> _Task brief_
Would you please restate the data exactly as it stands, apart from the pictures?

> _Data segment_

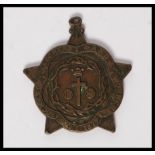 An unusual Victorian bronze medal awarde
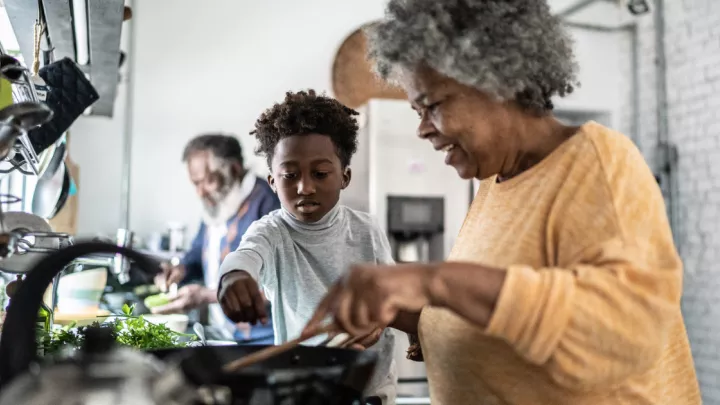 A grandmother cooking in the kitchen with her grandson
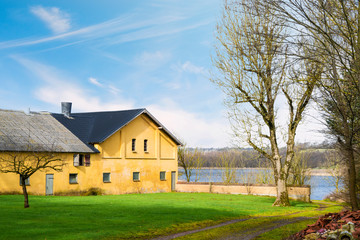 Yellow farm house by a lake in the spring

> _Solution for this task_
 An unusual Victorian bronze medal awarde
 A grandmother cooking in the kitchen with her grandson
 Yellow farm house by a lake in the spring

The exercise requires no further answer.